Un de mes petits péchés littéraires coupables est d'aimer frissonner façon vieille école. Autant les thrillers contemporains m'indiffèrent totalement, autant les ambiances old school à base de château sombre, poussiéreux et, si possible, hanté, ont toute mon attention spontanée. Lorsqu'en plus, le dit-château niche dans une forêt touffue et franchement reculée et qu'un noble défraîchi et à moitié fou l'habite, je frétille comme une jeune adolescente qui découvre Dracula pour la première fois. Ça tombe bien : ce sont tous les ingrédients de base du présent roman de Witold Gombrovicz. Et de fait, comment pourrait-il en être autrement ? La volonté même de l'écrivain étant de proposer une vision résolument ironique des romans fantastiques grand public, il ne pouvait que saupoudrer lui-même les topoï du genre pour mieux s'en amuser.

C'est dans la campagne polonaise que tout commence. Ou plutôt dans un train. Prenez un bellâtre désargenté engagé comme entraîneur de tennis pour une jeune fille riche et insupportable, un fonctionnaire coincé du postérieur et un historien d'art ; envoyez les tous trois dans la même pension du fin fond de la Pologne à l'aube des années 40 ; imaginez en outre que la jeune fille riche et insupportable est fiancée au machiavélique secrétaire du noble défraîchi et à moitié fou sus-cité et vous obtenez tous les ingrédients pour un voyage des plus clichés au pays du fantastique qui aurait mangé Hercule Poirot (oui, parce que je dois avouer que, dans cette ambiance, Hercule Poirot m'a VRAIMENT manqué). Tout cela est bien sûr à dessein et c'est ce qu'il y a de délicieux dans les romans ironiques : la double lecture. Si vous êtes d'humeur ramollie, vous pouvez vous délecter sans honte du premier degré de l'affaire. Si vous êtes d'humeur plus chafouine, vous allez rire sous cape du second degré de chaque phrase. C'est déjà plaisant d'avoir en main un bon roman mais quand, en plus, on a un deux en un, il faut saluer bien bas et profiter comme il se doit ! 
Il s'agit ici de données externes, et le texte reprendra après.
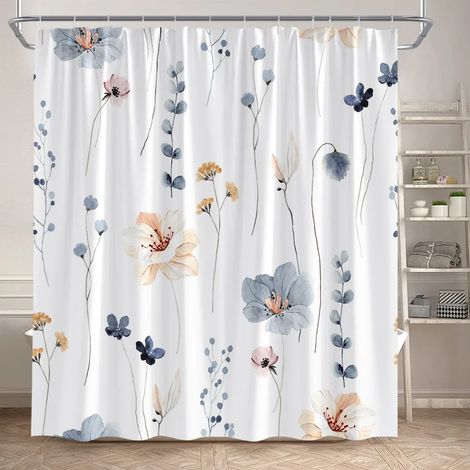 Filiyano-Rideau de douche à motif feuilles d'eucalyptus, feuillage d'automne brun, plantes, aquarelle, rideau de salle de bain moderne en polyester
Et c'est ce que j'ai fait : j'ai savouré toute ma lecture ! Et très franchement, ça faisait longtemps que je n'avais pas lu un tel volume de pages en si peu de temps. Je ne dis pas que j'ai tout dévoré avec la même avidité, bien sûr. Les passages d'envoûtement amoureux m'ont clairement beaucoup moins séduite que ceux plus mystérieux et diaboliques. On ne se refait pas : je ne suis définitivement pas fleur bleue, encore moins amatrice de passion destructrice aussi incompréhensible que ridiculement grotesque. Pour le coup, ça ne m'amuse pas ni ne me fait frissonner - même si, en l'occurrence, le second degré fait accepter beaucoup de choses. Mais globalement et tout bien considéré, j'ai dévoré ce roman avec un sourire aux lèvres presque constant. Et si j'ai lu certains blogueurs exprimer une déception quant à l'issue de l'intrigue - soulignons que la fin n'a été retrouvée que très tardivement après la première parution du roman - je l'ai, pour ma part, trouvée en parfaite cohérence avec le projet ironique de l'auteur.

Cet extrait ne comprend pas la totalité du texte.